Though there are fruitful works for the error-correcting of network coding, most of them have a fatal drawback that they cannot correct corrupted propagated errors which are dense. As far as we know, all the existing works about NEC have an unrealistic assumption: the number of errors in network coding is bounded by a constant which is less than *C*. More so, in the situation where the traditional block codes are used, they assume that the number of errors in network coding is smaller than *C*/2. They cannot correct errors beyond *d*_{min}/2 = (*C* − *k*)/2 < *C*/2 where (*C*, *k*) is MDS linear block code with code length *C* and information length *k*. Only a few studies refer to the assumption that the number of errors in network coding is bigger than *C*/2*.* They are list coding in network coding [8, 9] homomorphic signatures [10]. However, homomorphic signatures based on cryptographic approaches can correct the propagated error which equals *C*. However, cryptographic approaches have great complexity, and it is completely impractical in NEC [10]. Although a novel idea using nonlinear network coding seems a promising method to correct more errors, it cannot solve the problem completely just now and this method needs further being studied [11]. Except homomorphic signatures [10], there is no approach that can cope with propagated error which reaches *C*.

Next, we will give a review of previous research works. All the mentioned works will be judged from such a perspective: how many errors can be corrected by these methods at most? Can they correct the propagated error which reaches *C*? For limitation of space, we will just outline the most relevant and typical works about NEC. Sanna and Izquierdo [12] has made a survey on NEC.

### Existing error-correcting methods in network coding

Existing solutions can be categorized into cryptographic approaches and information theoretic approaches. Generally speaking, cryptographic approaches have high rate, but they have high complexity. Meanwhile, information theoretic approaches have low complexity, but they cannot cope with the dense corrupted errors beyond *C*/2.

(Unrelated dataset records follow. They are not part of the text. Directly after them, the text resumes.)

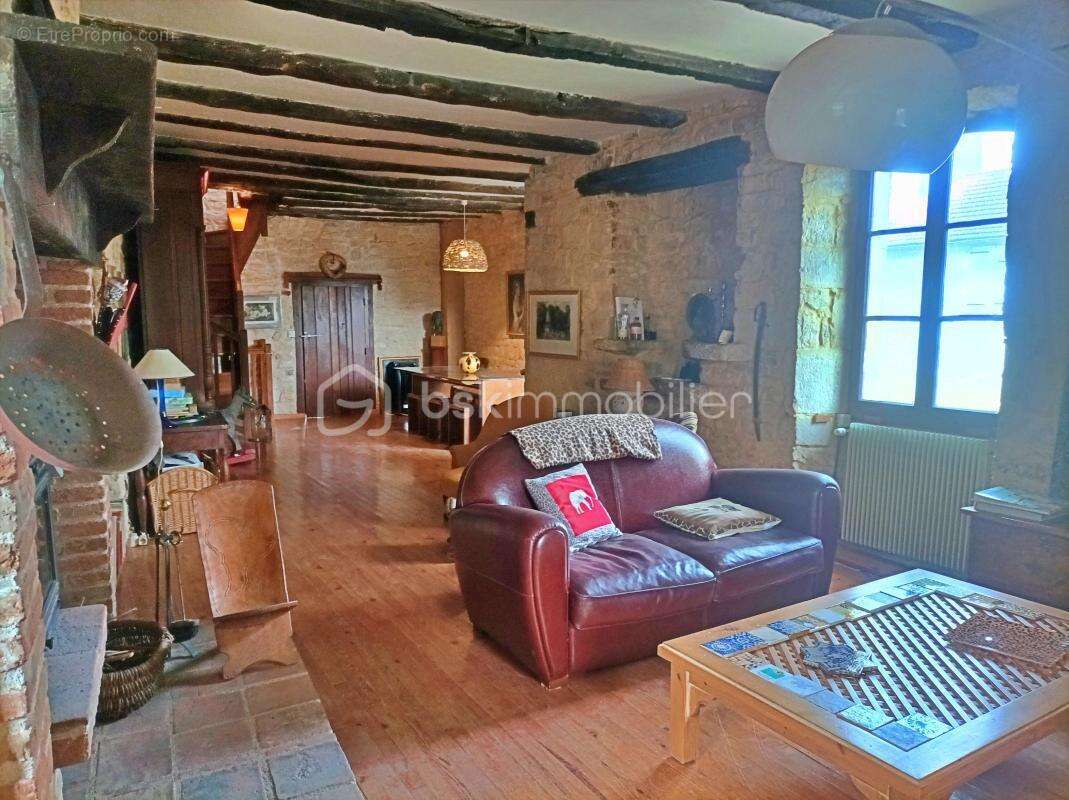 Ensemble immobilier en pierre avec piscine – au cœur du Lot - photo 3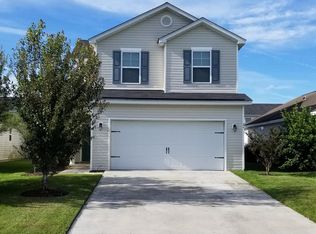 34 Spring Lake Cir, Savannah, GA 31407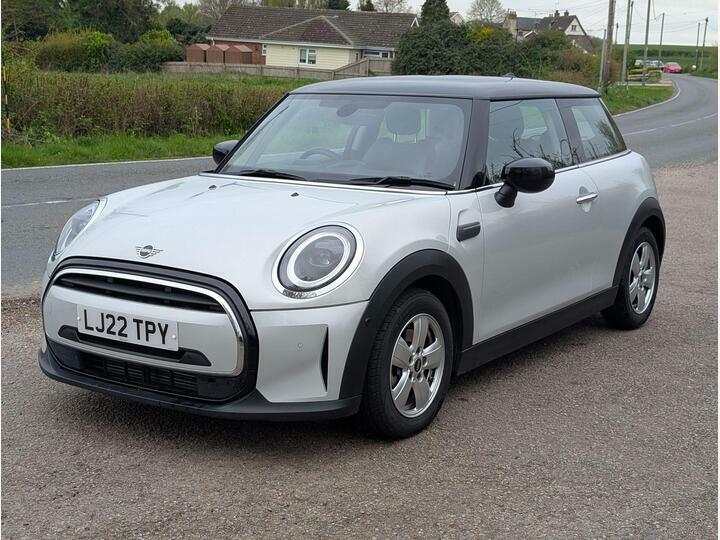Mini Hatch 1.5 Cooper Classic Steptronic Euro 6 Ss LJ22TPY Silver #2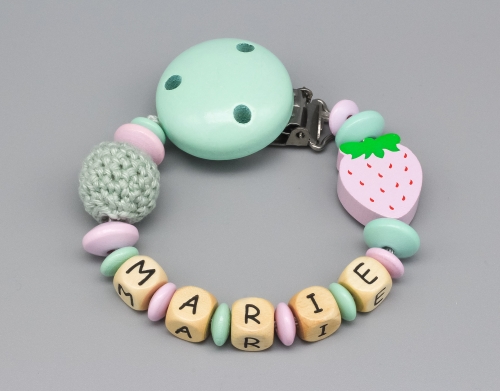 Schnullerkette mit Häkelperle und Erdbeere und Namen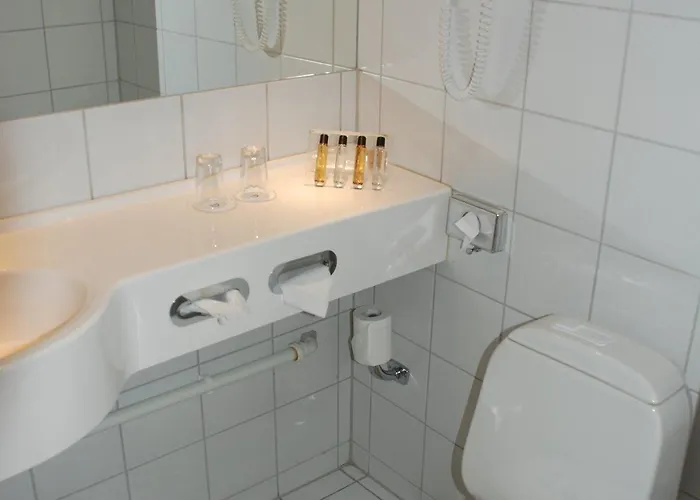 Scandic Karl Johan 3*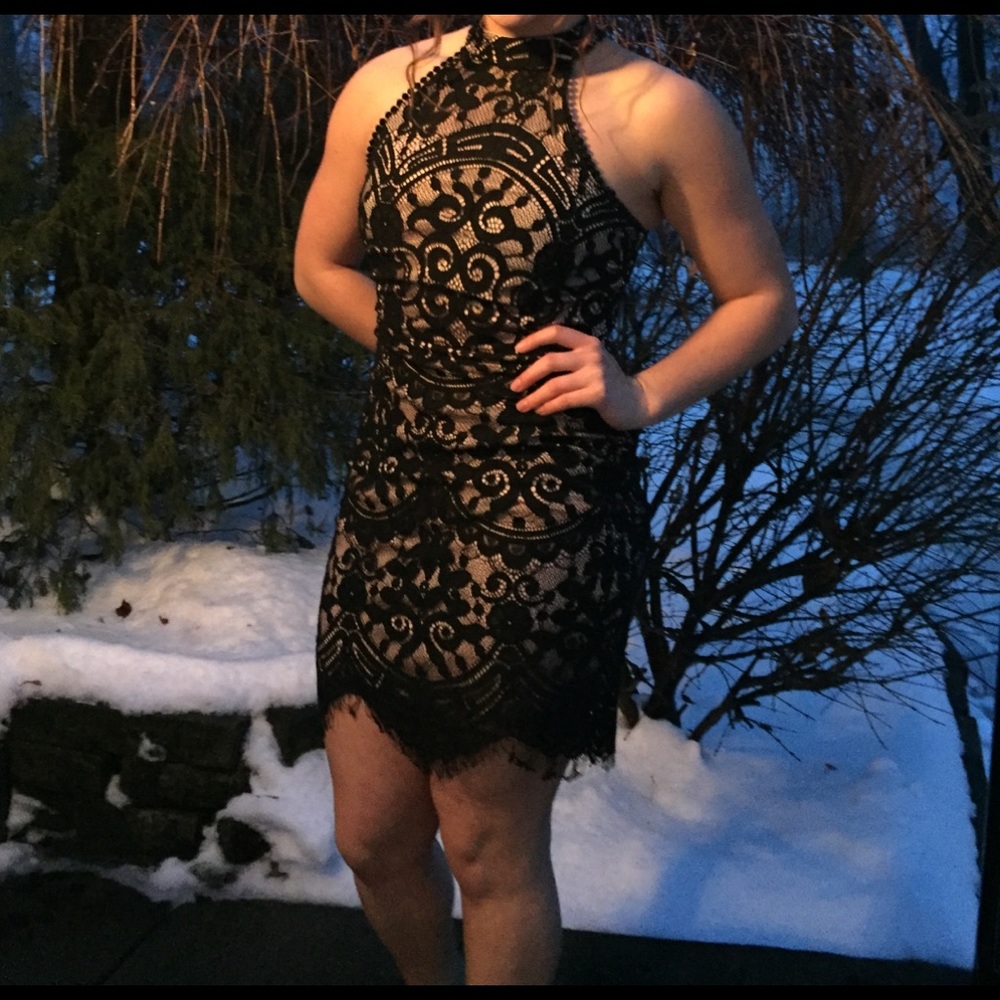 Adorable sleeveless dress!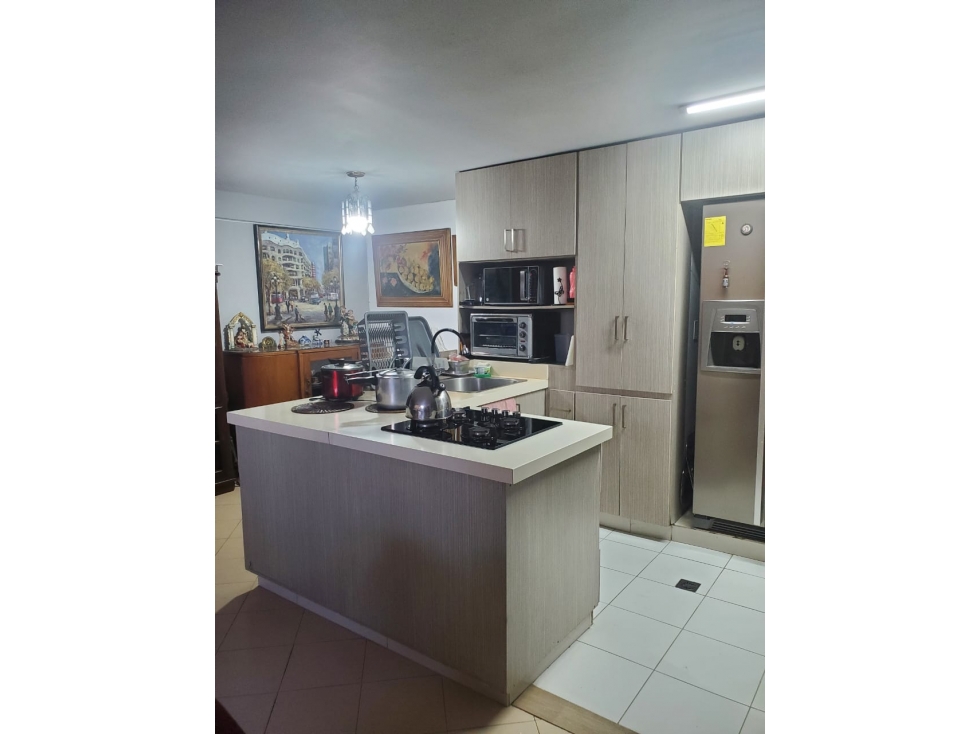 Apartment for sale in El Poblado, Medellín 4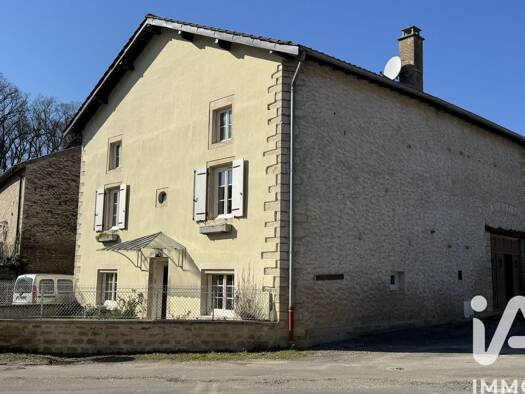 Maison à vendre 165 000 € 4 pièces 3 chambres 130 m² 212 m² de terrain Plottes 71700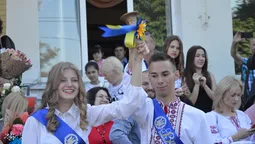 Свято Останнього дзвоника у луцькій школі № 1 (фото, відео)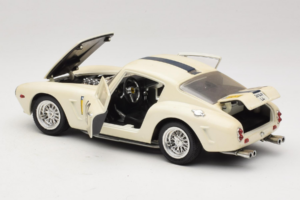 Ferrari 250 GT SWB Berlinette #19 Tour de France Automobile 1961 Eagles Race 1:18 6500 Metaal — afbeelding 5 van 8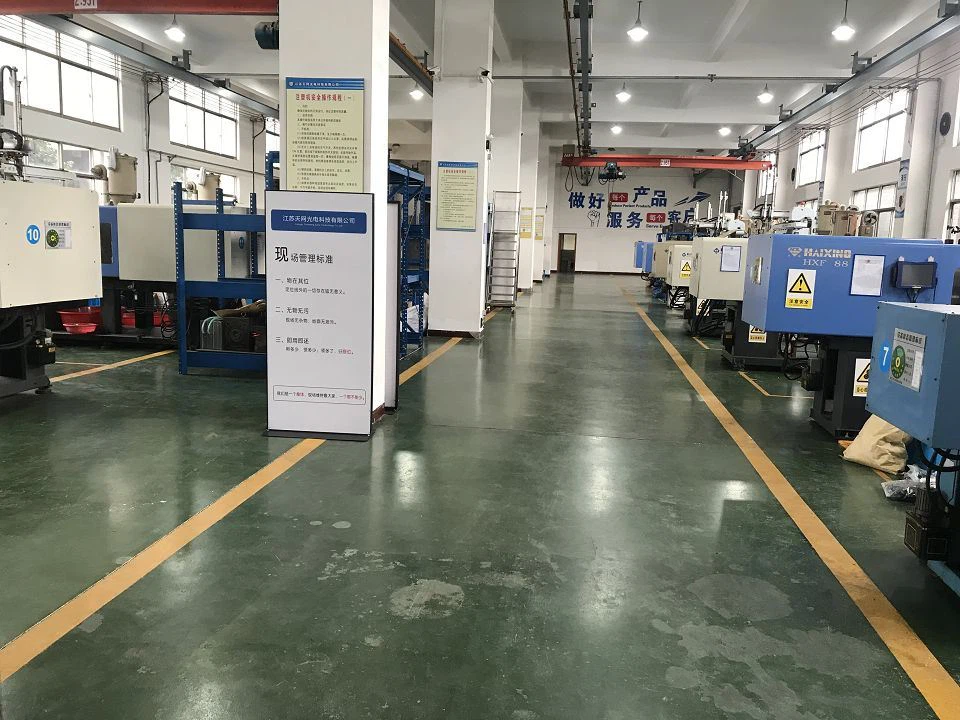 4(001) 4(001)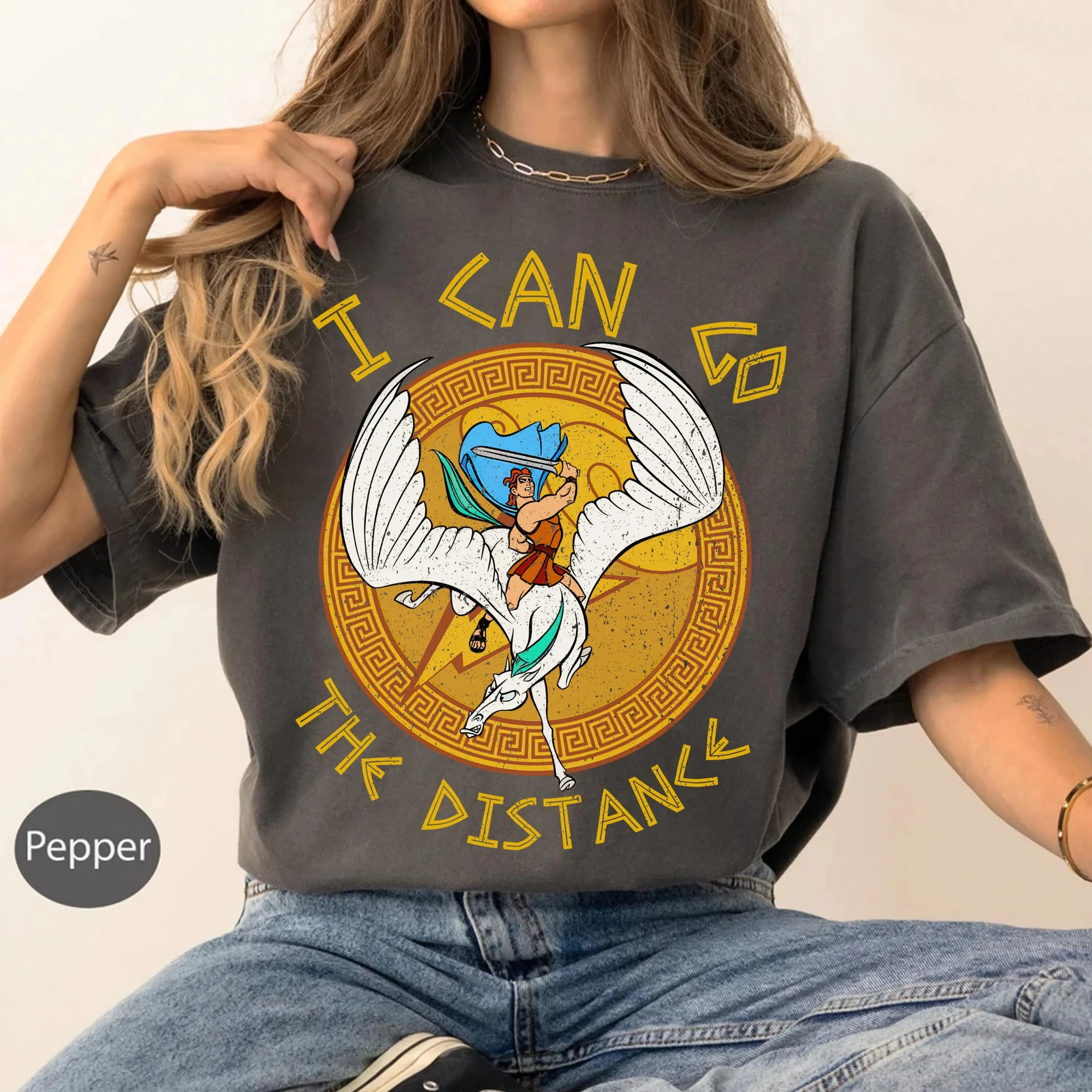 تي شيرت ديزني هرقل "يمكن أذهب المسافة" بميدالية ذهبية، قميص ديزني لاند المتطابق للعائلة هدية عيد ميلاد، قميص هرقل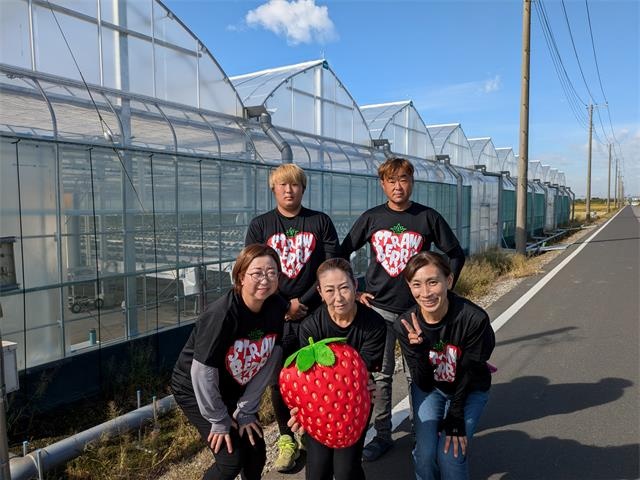 いちご農家さんとビニールハウス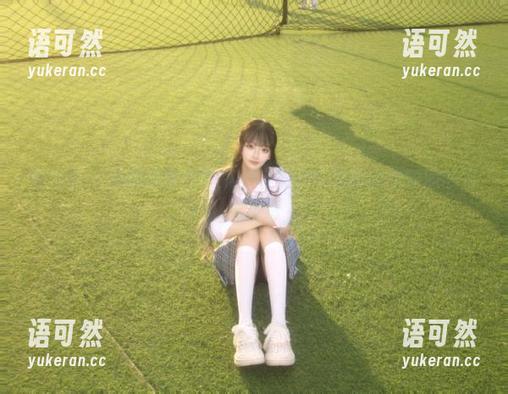 微密圈 - 揭秘最新写真集：张思允与油亮黑丝制服的完美碰撞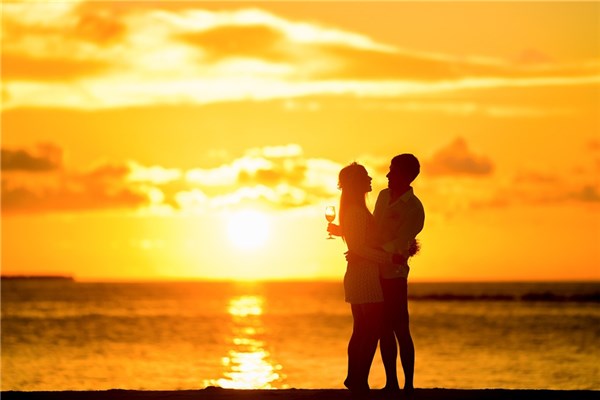 夢到老婆和別的男人在一起是什麼意思_周公解夢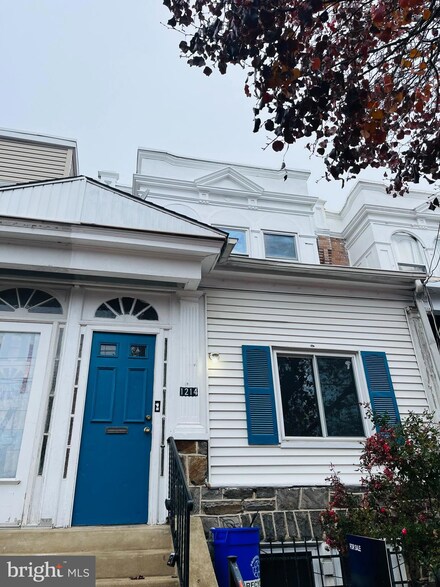 1214 E 9th St, Crum Lynne, PA 19022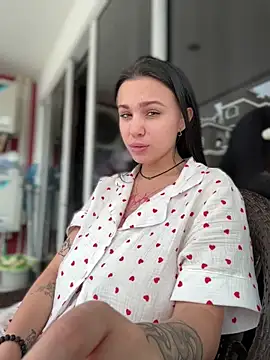 Snapshot of VendiMur chatting on November 19, 2:11 am VendiMur online show from November 19, 2:11 am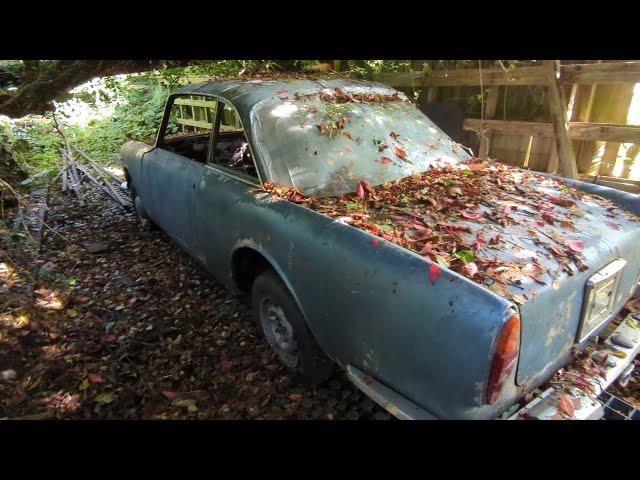 ABANDONED Classic Car Graveyard ( SHOCKED BY WHAT I ENCOUNTER INSIDE MANSION )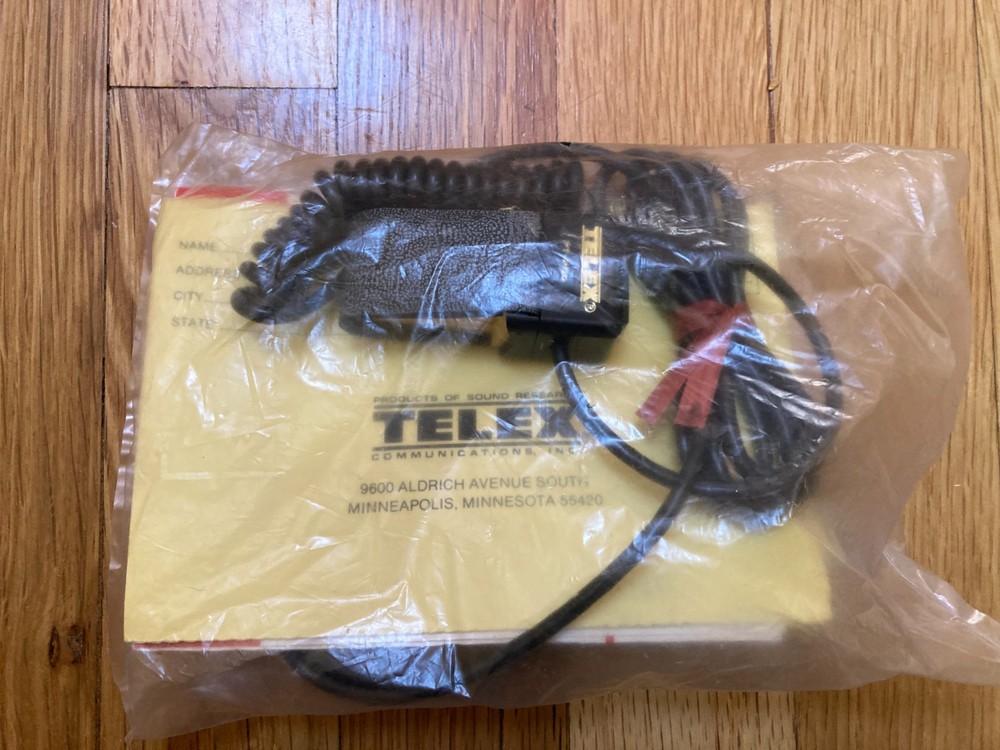 Telex E-951 Headset and NOS PT-200 Push To Talk Switch + Storage Bag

Cryptographic approaches include the methods such as keys, signatures, null space, and authentication [13]. And also, it is really worthwhile to mention the homomorphic signatures [10]. In the homomorphic signatures, the intermediate nodes can combine and encode the incoming hash packets and forward them without knowing the content of native packets or private key of the source node. The hash packet is a parity part of the common packet. The parity part is the so-called homomorphic signature. The excellent advantage of this scheme is that it can correct all the errors occurring in every links in network coding. That is to say it has solved the extreme tough problem: the network coding is susceptible to errors. However, almost all the existing homomorphic signature schemes have high complexity and intolerable delay [14]. The reason is that every intermediate node needs to perform time-consuming computation based on cryptographic approaches. Therefore, the homomorphic signatures are utterly impractical.

The existing works about information theoretic approaches for NEC can be divided into two categories. In the first category, a secret channel is needed. On the contrary, the secret channel is not needed. The representative work of the first type is [15]. After both parity symbols and hash values are sent over secret channels, the original messages can be recovered through solving equations. Parity symbols and hash values are used to counteract the uncertainty of the transfer matrix in the network coding. However, both the field size and the packet length are needed to be sufficiently large. A secret channel is also needed. Therefore, it would not be a promising practical scheme. The second kind type is *redundancy NEC* which introduces redundancy to the space domain. This method is also the so-called FEC (forward error correction) method. It is also the main stream in NEC. These skills can decode the code when the number of erasures and errors is within the minimum distance of the code. These skills are developed from traditional codes’ methods that add redundancy in the time domain.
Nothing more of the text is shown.